Navy Was Wrong and Right to Fire Captain

Obama: McCain called on America to rise above ‘mean and petty’ politics
POOL
Former President Barack Obama delivers a eulogy for Sen. John McCain at the National Cathedral on Sept. 1, 2018.

The Navy has relieved (read fired) the captain of the aircraft carrier housing dozens of sailors with coronaryvirus infections.

Captain Brett Crozier made headlines earlier in the week when he wrote what became an open letter to his superiors begging them to let 90 percent of his 5,000 member crew off the ship so they could avoid being infected.

The Navy responded by relieving him of command, saying his superiors have lost confidence in him.

This is both outrageous and completely justifiable.

It is outrageous because Crozier is being punished because he was looking out for the best interests of the crewmen who depended on him as a leader.

It is justifiable because Crozier was the officer in charge of one of America’s mightiest war machines. Announcing to the world – which, in effect, he did – that this war machine was not really ready to wage war is not the kind of thing commanding officers are supposed to announce.

It is inconceivable to me that Crozier didn’t know what awaited him when he sent that letter. He was sacrificing his career to protect those who depend on his leadership. He is a hero.

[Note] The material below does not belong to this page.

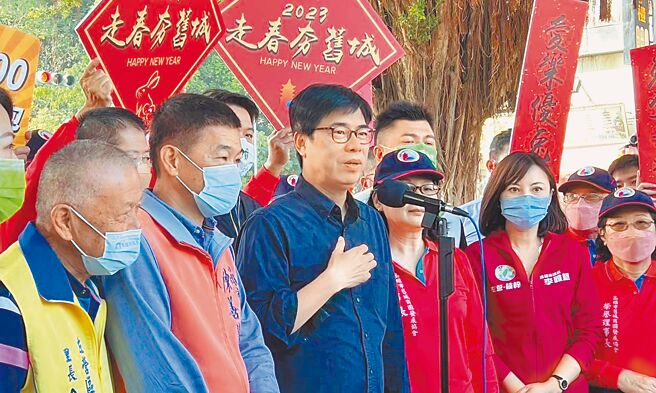 高雄市長陳其邁（中）15日表示，目前高雄市抗病毒藥物庫存量足夠，民眾可以安心過好年。（林雅惠攝）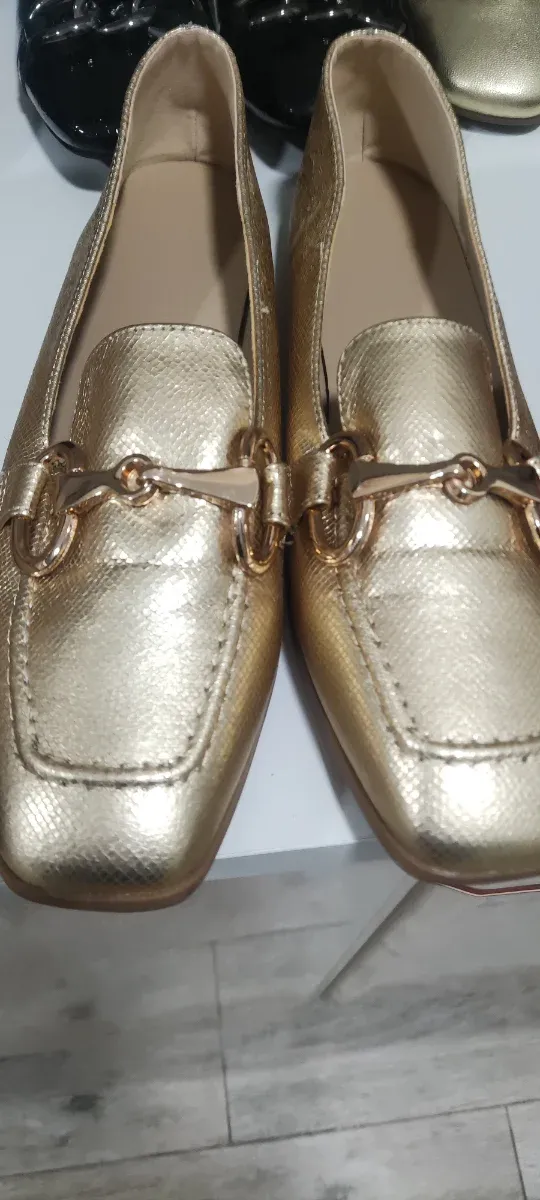 Zapatos ALTA MODA Beige con Hebilla Dorada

It’s also pretty clear to me that the Navy agrees. It relieved Crozier of his command but it did not punish him by reducing his rank. Those who made the decision knew full well that people like me would castigate them as mindless bureaucrats.

They did what they had to do.

The situation is somewhat analogous to that befalling General Stanley McChrystal when he and his fellow officers were overheard in a bar making nasty comments about former Vice President Biden.

President Obama fired McChrystal because, if senior military officers are seen belittling their civilian commanders, you get a big challenge to the legitimate chain of command.

Obama, I’m sure, got no pleasure from the controversy but he, too, did what he had to do.

Is there a moral to this story?

Not really. The lesson is that leadership comes at a price. I think the proper response to the Crozier decision is empathy for the price the leaders at all levels paid rather than outrage for the fact they paid it.